Everything was simple in that time. Permission to get married was needed. The Fort Bragg division was completely independent. We had our own kitchens, cooked our own food, kept the barracks hospital clean, and policed the grounds before chow. We slept in 4-squad barracks, double-decker bunks. Only NCOs had rooms. Each company platoon had its own rifle racks in barracks. We enjoyed numerous inspections.

We were extremely cohesive as squads, platoons, companies, and a battalion. We ate together, worked together, and partied together in Fayetteville. It was rock-and-chisel simple, but nowhere near as sophisticated as today's Special Forces. We could, and did, move out to Fort Kobe, Canal Zone, Hon River, Korea, and Luzon, Philippines, on short notice. The absence of a war made it easier. The absence of women made it possible. We could do this because the organization was simple; we had no thought, for example, about sending pregnant troopers home, or treating feminine issues. I can only imagine the unit chaos if a female trooper occupied one of those bunks, or latrines, or showers. But all that was a very long time ago.

Today, the combat unit is not a simple organization, largely due to the influx of women and the LGBT influence upon weak military leaders. Only Special Forces and SEAL-type groups have so far escaped the distraction of women in their units.

It's time to simplify our ground combat units again, and the circumstances under which they deploy and fight. Resistance to President's Trump's orders banning women from ground combat began instantly. The extent that LGBT influence has impressed even flag officer levels has just been revealed by a Coast Guard Admiral Paul Zukunft's recent statement. He publically rejected the Commander in Chief's order to end LGBT members from military service.

”Adm.
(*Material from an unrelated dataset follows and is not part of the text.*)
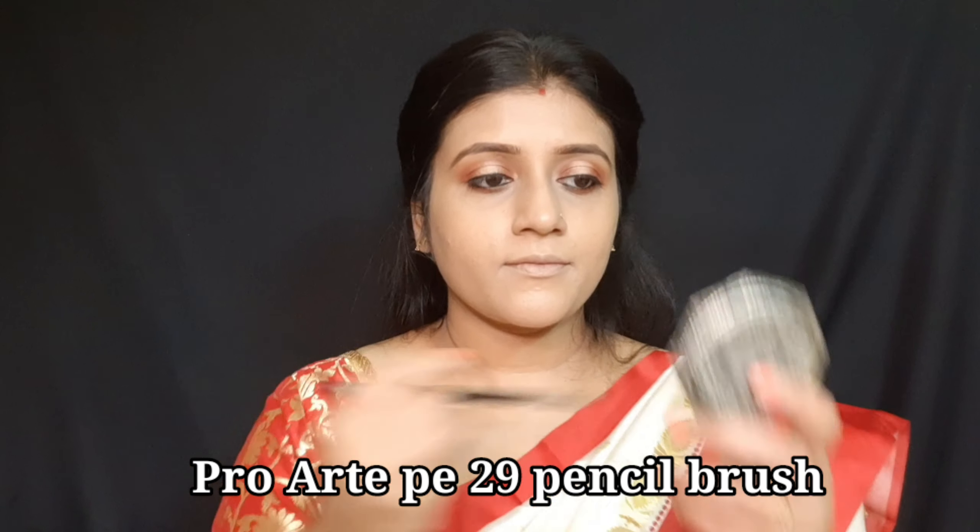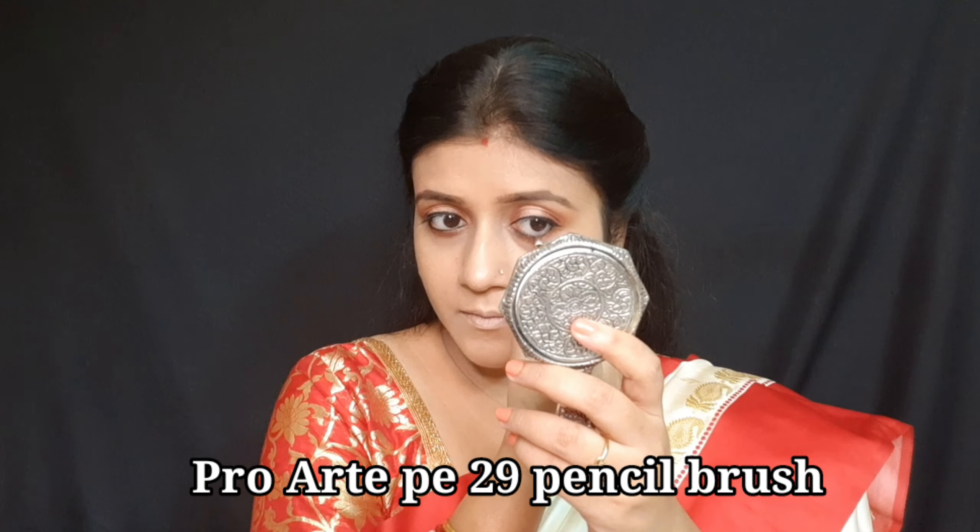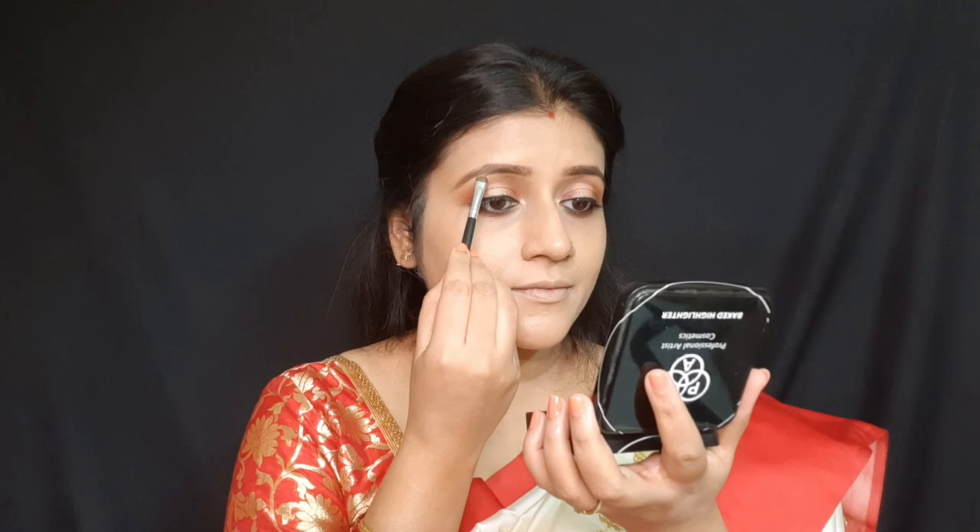I curl my lashes a little and apply Maybelline mascara. You can stop just with mascara if you want, but for me the look is incomplete without kajal. I then use a pencil brush to apply kajal on the inner corner of my eye so it looks highlighted.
Paul Zukunft said his first action upon becoming aware of Trump's tweets [to ban LGBT service personnel] was to have his office reach out to all 13 members of the Coast Guard who have self-identified as transgender." "... the commandant of the Coast Guard is speaking out, saying he has no intention of leaving transgender Coast Guardsmen out in the cold." This is precisely what combat soldiers fear, focusing on protecting an individual female when tactics demand otherwise for the survival of the group. Zukunft has sold out his thousands of sailors for 13 "special" sailors. I wonder what General George Patton would say.

Just in: "...two other four-stars and former chairmen of the Joint Chiefs of Staff -- retired Army Gen. Martin Dempsey and retired Navy Adm. Mike Mullen -- have publicly supported transgender service members." This is an unprecedented military crisis.

This is Trump's acid test moment. If General Kelly also rejects Trump's command, we are in real trouble.